#### [WORK REQUIRED]
Find the line with "Salvatore Ferragamo Magnolia" and the line with "Room 19 of 77" in the entries below; output exactly those two lines, every line between them, and no others.
..........
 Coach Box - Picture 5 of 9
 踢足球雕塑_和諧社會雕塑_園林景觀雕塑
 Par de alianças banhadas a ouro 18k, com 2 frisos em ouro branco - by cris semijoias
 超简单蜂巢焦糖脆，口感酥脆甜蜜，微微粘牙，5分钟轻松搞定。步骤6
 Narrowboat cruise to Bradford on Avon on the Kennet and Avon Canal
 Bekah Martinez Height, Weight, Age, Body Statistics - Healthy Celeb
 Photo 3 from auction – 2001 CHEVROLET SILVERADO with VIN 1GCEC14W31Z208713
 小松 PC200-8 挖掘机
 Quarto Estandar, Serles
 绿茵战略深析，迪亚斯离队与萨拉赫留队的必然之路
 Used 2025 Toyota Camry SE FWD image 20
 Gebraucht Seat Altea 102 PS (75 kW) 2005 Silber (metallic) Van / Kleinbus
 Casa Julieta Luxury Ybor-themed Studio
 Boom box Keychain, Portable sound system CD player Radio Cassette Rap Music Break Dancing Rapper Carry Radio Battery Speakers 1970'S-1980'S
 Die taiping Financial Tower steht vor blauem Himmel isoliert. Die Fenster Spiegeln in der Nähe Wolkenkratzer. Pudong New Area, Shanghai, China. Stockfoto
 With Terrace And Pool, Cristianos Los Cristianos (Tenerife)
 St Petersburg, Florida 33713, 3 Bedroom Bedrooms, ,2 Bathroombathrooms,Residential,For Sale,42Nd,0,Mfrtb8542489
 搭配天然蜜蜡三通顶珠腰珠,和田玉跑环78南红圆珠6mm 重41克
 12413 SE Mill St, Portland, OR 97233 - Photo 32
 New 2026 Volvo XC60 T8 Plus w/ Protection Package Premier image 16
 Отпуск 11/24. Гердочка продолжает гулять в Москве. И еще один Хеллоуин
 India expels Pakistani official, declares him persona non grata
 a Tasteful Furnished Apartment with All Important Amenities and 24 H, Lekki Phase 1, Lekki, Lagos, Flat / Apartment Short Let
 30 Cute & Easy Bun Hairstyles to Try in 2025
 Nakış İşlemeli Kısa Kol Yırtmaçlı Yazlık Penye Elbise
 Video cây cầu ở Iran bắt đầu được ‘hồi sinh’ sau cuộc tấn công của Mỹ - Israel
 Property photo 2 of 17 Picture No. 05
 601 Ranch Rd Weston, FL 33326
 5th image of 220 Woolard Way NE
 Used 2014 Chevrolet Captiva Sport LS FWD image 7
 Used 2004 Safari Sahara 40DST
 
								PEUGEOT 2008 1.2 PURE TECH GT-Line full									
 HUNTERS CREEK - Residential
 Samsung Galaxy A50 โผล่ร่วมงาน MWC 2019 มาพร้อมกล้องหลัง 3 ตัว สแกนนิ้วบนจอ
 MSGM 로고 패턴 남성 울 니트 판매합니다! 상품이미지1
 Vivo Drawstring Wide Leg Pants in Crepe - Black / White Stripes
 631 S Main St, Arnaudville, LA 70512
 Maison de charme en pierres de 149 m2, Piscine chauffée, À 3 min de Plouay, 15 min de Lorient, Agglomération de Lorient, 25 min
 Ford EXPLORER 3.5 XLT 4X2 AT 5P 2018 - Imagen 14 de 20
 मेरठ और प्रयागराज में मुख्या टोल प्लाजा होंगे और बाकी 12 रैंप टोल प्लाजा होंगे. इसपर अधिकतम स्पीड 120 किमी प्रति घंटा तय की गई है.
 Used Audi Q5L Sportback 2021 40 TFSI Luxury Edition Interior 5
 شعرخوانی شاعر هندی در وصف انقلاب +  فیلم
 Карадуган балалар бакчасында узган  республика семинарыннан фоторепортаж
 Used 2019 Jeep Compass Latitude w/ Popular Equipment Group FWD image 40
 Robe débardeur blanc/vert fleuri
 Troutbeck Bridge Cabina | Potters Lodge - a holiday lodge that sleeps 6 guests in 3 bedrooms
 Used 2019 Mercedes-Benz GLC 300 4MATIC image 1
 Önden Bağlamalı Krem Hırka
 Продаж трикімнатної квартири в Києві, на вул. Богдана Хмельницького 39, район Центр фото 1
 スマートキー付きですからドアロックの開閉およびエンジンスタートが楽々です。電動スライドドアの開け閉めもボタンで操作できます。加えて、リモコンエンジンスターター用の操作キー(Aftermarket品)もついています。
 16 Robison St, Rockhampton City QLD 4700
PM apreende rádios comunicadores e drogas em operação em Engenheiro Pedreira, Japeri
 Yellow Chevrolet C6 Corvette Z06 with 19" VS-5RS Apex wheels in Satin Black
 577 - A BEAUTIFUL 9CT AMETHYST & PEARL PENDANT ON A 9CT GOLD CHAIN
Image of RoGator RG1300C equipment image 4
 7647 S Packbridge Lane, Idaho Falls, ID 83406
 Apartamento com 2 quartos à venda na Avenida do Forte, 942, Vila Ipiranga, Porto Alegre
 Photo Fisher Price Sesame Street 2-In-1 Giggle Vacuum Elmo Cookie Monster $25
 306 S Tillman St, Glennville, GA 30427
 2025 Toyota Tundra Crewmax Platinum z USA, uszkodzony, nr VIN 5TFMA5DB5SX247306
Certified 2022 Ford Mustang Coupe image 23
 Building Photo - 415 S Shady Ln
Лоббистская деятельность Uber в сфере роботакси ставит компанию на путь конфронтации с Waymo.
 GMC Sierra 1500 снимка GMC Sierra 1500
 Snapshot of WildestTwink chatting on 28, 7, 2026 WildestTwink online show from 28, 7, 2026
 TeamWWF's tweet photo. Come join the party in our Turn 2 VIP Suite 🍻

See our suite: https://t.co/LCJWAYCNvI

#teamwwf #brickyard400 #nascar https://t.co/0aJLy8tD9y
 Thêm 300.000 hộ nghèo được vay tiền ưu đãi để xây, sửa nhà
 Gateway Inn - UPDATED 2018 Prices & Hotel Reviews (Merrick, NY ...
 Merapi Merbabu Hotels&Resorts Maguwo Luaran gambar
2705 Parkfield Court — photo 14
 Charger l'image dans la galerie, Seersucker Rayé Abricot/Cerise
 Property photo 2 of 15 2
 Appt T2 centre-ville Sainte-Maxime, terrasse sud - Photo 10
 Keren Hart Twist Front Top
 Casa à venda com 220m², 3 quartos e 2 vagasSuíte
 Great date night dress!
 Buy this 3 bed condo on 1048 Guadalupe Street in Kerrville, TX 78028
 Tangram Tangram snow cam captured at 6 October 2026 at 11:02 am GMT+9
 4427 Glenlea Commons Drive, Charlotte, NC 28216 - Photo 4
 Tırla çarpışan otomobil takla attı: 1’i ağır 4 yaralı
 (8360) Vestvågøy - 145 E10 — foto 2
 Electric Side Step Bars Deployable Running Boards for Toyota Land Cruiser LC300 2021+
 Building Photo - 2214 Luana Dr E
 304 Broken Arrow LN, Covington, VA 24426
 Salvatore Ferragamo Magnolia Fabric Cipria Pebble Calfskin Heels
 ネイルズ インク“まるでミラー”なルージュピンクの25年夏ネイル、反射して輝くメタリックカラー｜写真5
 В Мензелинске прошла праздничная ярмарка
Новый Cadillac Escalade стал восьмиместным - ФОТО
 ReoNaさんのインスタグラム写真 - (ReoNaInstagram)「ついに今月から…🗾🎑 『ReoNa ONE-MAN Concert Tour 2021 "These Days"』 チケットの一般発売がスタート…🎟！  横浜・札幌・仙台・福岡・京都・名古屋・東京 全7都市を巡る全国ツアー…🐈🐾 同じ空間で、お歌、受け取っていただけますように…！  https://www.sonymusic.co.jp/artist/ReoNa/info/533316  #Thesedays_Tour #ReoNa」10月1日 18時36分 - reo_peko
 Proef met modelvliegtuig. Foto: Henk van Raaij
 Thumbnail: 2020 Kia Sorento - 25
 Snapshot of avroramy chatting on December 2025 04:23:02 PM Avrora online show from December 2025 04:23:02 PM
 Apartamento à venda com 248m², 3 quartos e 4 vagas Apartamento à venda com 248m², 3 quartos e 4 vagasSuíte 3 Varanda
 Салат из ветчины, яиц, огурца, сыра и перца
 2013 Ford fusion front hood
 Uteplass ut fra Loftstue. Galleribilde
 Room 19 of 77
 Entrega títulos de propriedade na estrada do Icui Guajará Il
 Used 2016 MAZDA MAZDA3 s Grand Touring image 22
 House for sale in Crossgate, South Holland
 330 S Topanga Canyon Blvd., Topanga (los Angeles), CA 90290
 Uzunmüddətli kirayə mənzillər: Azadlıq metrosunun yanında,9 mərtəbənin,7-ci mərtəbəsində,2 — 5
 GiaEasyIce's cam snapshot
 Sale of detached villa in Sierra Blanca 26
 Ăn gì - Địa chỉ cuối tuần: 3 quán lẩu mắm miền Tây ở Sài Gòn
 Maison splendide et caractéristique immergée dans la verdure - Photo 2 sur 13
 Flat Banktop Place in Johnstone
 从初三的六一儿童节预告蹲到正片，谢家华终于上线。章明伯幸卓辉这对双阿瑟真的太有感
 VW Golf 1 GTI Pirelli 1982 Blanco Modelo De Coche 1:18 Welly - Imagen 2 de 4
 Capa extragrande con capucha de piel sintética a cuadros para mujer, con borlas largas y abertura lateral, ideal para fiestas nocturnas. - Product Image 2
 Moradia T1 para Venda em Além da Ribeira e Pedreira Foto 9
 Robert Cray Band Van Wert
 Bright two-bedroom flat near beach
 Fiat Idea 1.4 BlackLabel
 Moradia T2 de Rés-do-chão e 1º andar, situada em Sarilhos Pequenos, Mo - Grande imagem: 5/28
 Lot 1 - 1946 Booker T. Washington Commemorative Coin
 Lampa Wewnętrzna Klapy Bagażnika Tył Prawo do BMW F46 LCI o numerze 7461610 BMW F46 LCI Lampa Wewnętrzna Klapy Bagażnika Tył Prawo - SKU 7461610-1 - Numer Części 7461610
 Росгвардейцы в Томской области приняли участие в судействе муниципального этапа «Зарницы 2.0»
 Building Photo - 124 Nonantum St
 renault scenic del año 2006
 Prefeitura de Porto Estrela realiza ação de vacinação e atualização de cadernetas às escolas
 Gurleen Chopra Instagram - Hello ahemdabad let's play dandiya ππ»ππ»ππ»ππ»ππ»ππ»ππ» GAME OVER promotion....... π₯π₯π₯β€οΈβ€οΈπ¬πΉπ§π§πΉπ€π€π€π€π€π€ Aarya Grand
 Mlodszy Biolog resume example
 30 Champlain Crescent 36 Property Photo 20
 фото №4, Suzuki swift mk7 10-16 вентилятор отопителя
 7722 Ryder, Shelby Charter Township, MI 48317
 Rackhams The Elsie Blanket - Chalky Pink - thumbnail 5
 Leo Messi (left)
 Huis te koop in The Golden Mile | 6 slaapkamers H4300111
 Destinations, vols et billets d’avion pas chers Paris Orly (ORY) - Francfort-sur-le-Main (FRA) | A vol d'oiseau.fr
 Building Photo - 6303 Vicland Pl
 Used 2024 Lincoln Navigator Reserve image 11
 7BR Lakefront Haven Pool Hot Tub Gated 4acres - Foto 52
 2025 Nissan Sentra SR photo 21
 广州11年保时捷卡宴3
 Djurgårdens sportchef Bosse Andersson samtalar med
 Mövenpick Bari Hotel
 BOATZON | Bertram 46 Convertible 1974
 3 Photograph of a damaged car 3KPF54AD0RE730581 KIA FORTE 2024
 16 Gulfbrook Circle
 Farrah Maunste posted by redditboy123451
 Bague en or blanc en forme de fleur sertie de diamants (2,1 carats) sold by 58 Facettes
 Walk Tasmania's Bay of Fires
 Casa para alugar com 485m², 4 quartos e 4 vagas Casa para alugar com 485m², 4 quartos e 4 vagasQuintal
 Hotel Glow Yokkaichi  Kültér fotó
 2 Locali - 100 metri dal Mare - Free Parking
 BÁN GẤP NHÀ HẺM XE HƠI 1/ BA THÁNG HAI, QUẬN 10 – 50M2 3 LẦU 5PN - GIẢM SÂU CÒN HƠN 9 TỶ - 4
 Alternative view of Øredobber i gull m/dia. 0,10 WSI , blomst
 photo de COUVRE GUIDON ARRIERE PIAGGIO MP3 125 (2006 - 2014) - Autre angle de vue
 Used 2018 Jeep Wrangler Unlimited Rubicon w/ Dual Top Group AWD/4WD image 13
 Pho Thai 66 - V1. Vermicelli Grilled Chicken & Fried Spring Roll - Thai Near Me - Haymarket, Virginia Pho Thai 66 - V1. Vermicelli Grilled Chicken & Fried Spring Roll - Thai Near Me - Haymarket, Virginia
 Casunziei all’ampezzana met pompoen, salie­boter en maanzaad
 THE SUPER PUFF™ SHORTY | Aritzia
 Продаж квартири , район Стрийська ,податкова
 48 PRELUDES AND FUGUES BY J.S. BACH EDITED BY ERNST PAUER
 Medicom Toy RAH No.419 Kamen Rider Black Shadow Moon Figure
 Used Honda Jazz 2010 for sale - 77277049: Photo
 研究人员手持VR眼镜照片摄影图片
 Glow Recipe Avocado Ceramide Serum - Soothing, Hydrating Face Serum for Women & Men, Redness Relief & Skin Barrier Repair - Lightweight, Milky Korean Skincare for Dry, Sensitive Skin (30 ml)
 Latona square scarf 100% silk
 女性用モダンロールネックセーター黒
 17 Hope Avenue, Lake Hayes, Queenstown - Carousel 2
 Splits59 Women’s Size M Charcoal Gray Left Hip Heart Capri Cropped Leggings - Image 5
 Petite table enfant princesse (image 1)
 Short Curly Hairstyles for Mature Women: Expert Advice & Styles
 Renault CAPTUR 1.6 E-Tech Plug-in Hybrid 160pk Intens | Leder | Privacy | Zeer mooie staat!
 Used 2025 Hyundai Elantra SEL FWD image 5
..........
#### [TASK RESULT]
 Salvatore Ferragamo Magnolia Fabric Cipria Pebble Calfskin Heels
 ネイルズ インク“まるでミラー”なルージュピンクの25年夏ネイル、反射して輝くメタリックカラー｜写真5
 В Мензелинске прошла праздничная ярмарка
Новый Cadillac Escalade стал восьмиместным - ФОТО
 ReoNaさんのインスタグラム写真 - (ReoNaInstagram)「ついに今月から…🗾🎑 『ReoNa ONE-MAN Concert Tour 2021 "These Days"』 チケットの一般発売がスタート…🎟！  横浜・札幌・仙台・福岡・京都・名古屋・東京 全7都市を巡る全国ツアー…🐈🐾 同じ空間で、お歌、受け取っていただけますように…！  https://www.sonymusic.co.jp/artist/ReoNa/info/533316  #Thesedays_Tour #ReoNa」10月1日 18時36分 - reo_peko
 Proef met modelvliegtuig. Foto: Henk van Raaij
 Thumbnail: 2020 Kia Sorento - 25
 Snapshot of avroramy chatting on December 2025 04:23:02 PM Avrora online show from December 2025 04:23:02 PM
 Apartamento à venda com 248m², 3 quartos e 4 vagas Apartamento à venda com 248m², 3 quartos e 4 vagasSuíte 3 Varanda
 Салат из ветчины, яиц, огурца, сыра и перца
 2013 Ford fusion front hood
 Uteplass ut fra Loftstue. Galleribilde
 Room 19 of 77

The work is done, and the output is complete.